I ended up trying PM for two days, together with SP the first day. The physical effects I noticed were that shortly after taking a pill, my nipples would go erect and become sensitive, staying that way for several hours until I guess the body had processed most of the PM. My skin became freakishly smooth, and stayed that way even for several days after I stopped taking PM. I also noticed some fat redistribution in my breast and stomach area. It seems pretty amazing it can have such a fast effect, so maybe my mind was playing tricks on me to some extent.
On the negative side, I felt physically weaker, you know that feeling when you are on the verge of getting a cold but it hasn't yet begun. This went away pretty soon after I stopped taking PM. Not pleasant at all and makes me reluctant to go on PM for a longer amount of time.

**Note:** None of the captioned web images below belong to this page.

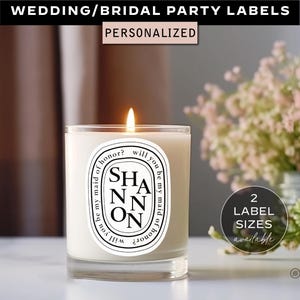 Etichetta adesiva ispirata a Diptyque, personalizzata, etichetta per candele, regalo per damigella d'onore, regalo per damigella d'onore, regalo per proposta di matrimonio, candela per matrimonio P1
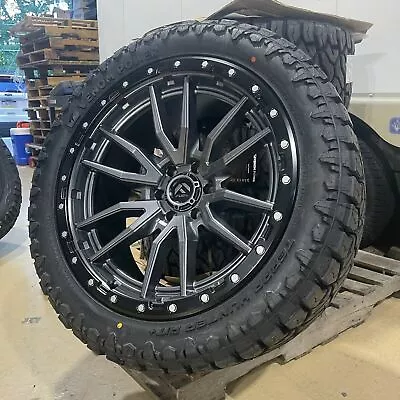 22x10 Fuel D680 Rebel Gray Wheels Rims 33  AT Tires 6x5.5 Chevy Silverado 1500 • $3229.05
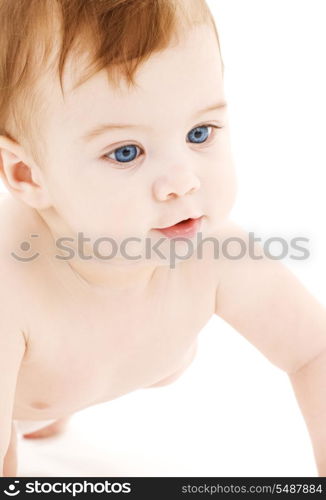 picture of crawling baby boy over white
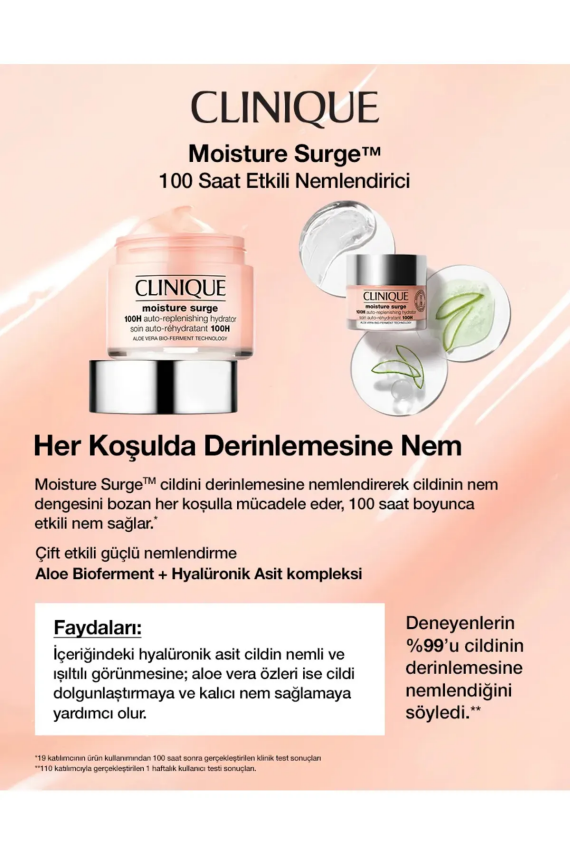 Clinique Moisture Surge™ 100 Saat Etkili Nemlendirici Yüz Kremi 30ml | Aloe Vera Bioferment, Hyalüronik Asit - 7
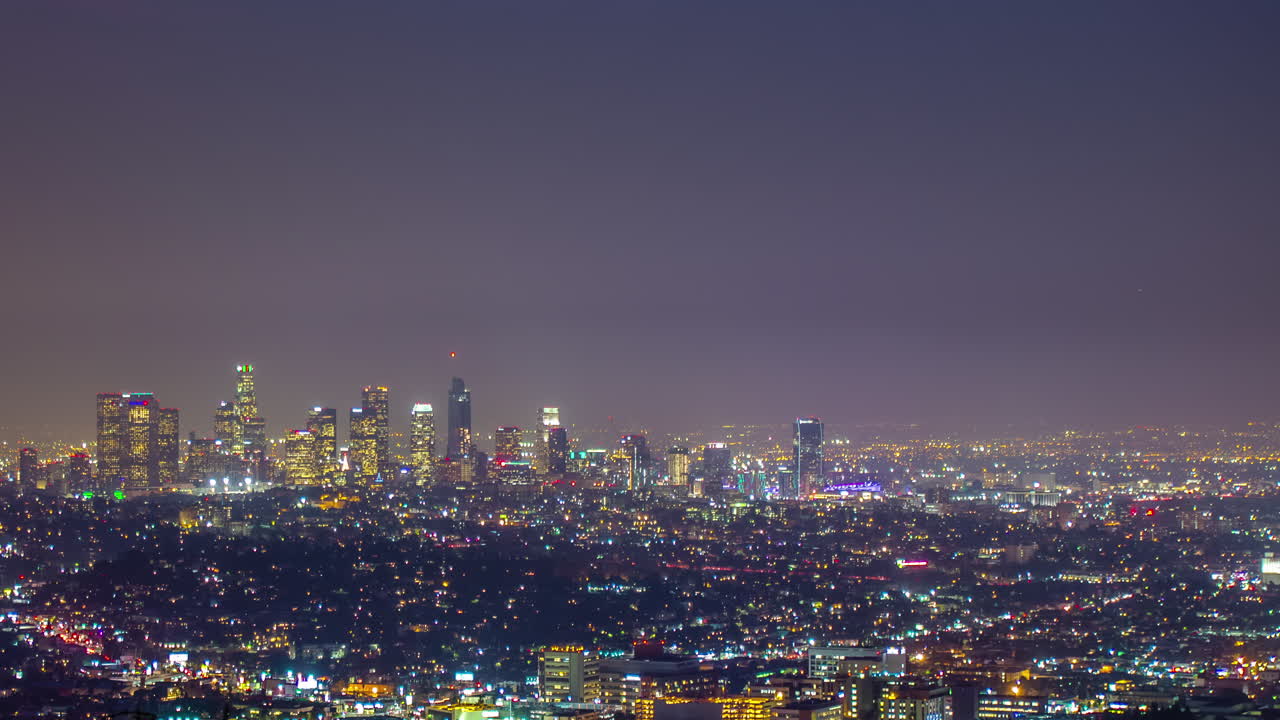밤에 로스 앤젤레스 도시 스카이 라인 - 시간 경과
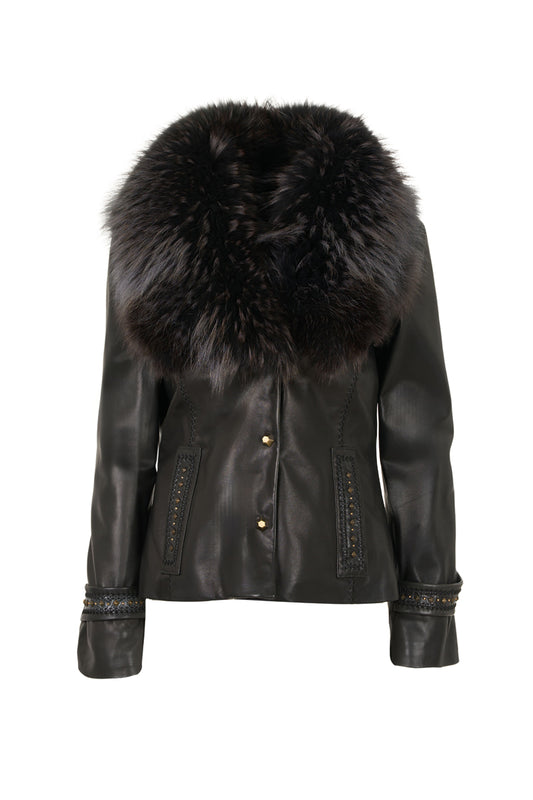 MARTINA - Women's Black Leather Blazer with Fur Collar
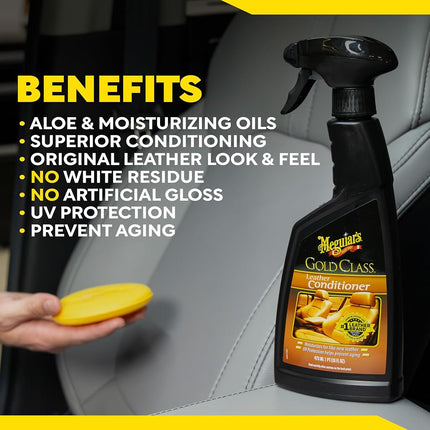 Meguiar's Gold Class Leather Conditioner, 473 ml | Nourishes and Protects Car Leather | Restores Softness and Flexibility | Prevents Cracking and Fading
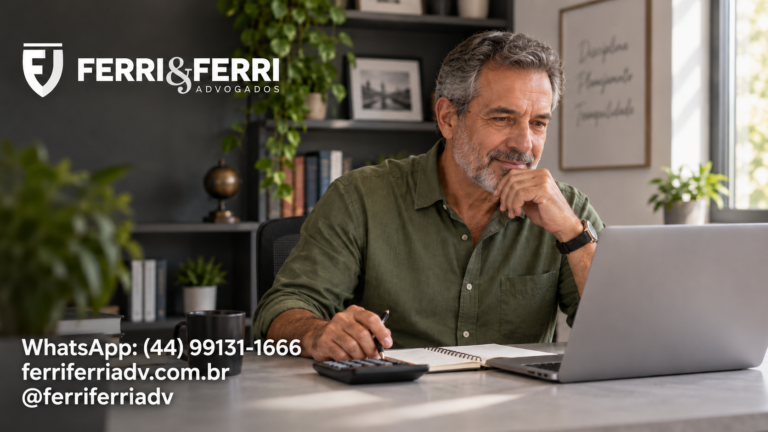 Homem consultando o computador com calculadora e caderno, em cena ilustrativa de planejamento da aposentadoria, com logo branco e contatos da Ferri & Ferri.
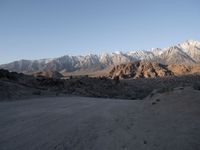 California Desert Dawn: Gravel Tracks and Clear Skies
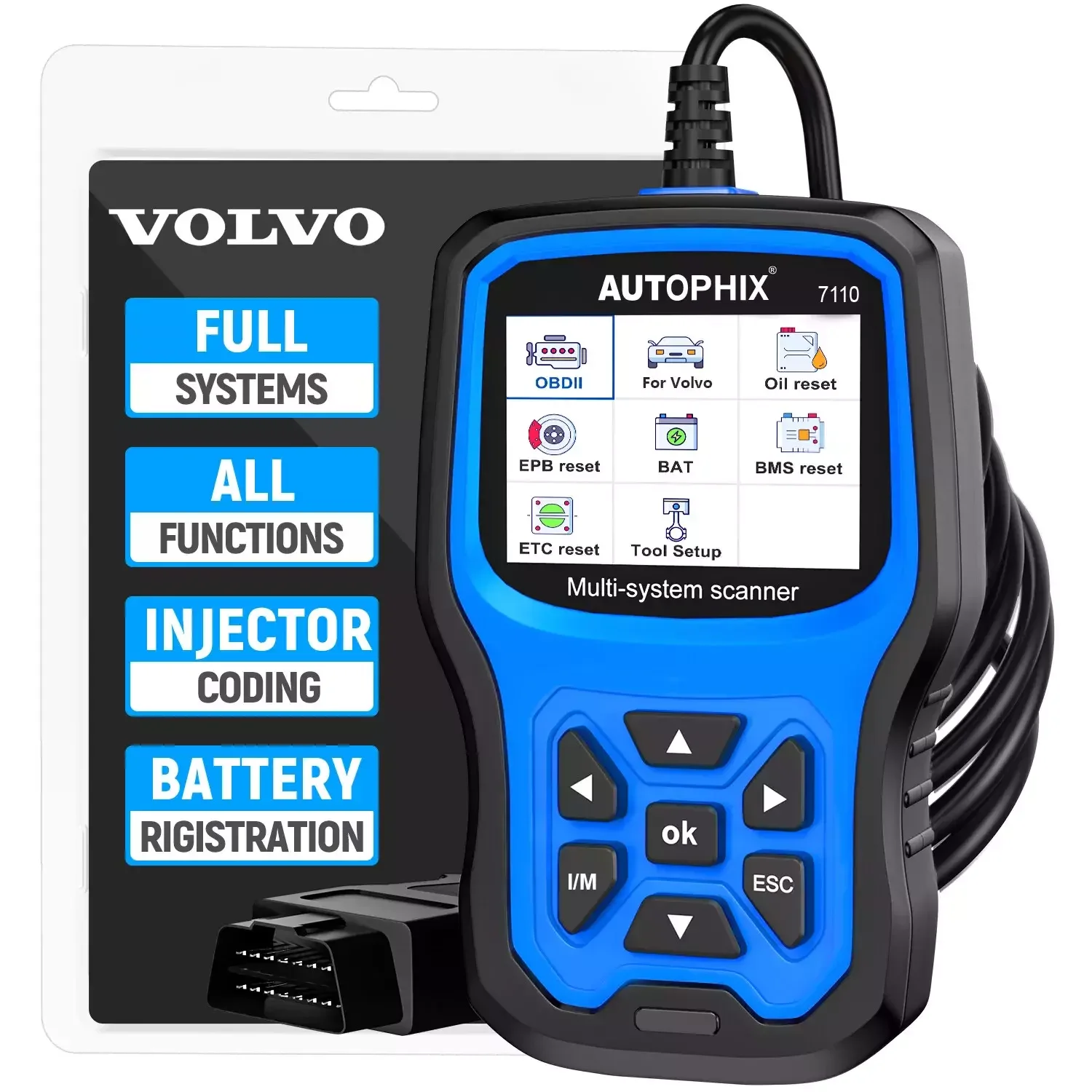 

AUTOPHIX 7110 OBD2 Scanner Full Systems DPF Regeneration FIT FOR VOLVO After 1996 Car Diagnostic Tool OIL Reset ﻿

While it was exciting to do something with the potential to feminize my body, I also started feeling scared of the masculine me fading away, so to say. After I stopped, I felt that 'ok, this may not be for me at this point in my life at least' and was happy I'd tried something and was that one experience richer. But now, a month later, I am confused again, having strong urges to go back on the PM and take it a step further this time around. At the same time, I like my male body and don't want to mess it up. I wish there was a way to instantly go back and forth between male and female! It's really confusing, and I'm having a hard time distinguishing what is unhealthy obsession from what is a real part of my identity.
Right now, I want to figure out how much is hormone based, because for me gender dysphoria comes in cycles, and I figure it's got to be related to something biological happening, otherwise how can it hardly bother me at all for extended periods of time, and then come back with a vengence. So I'm doing blood work to see if anything is up. And I might go the opposite way for a while, attempting to boost testosterone to see how that affects things.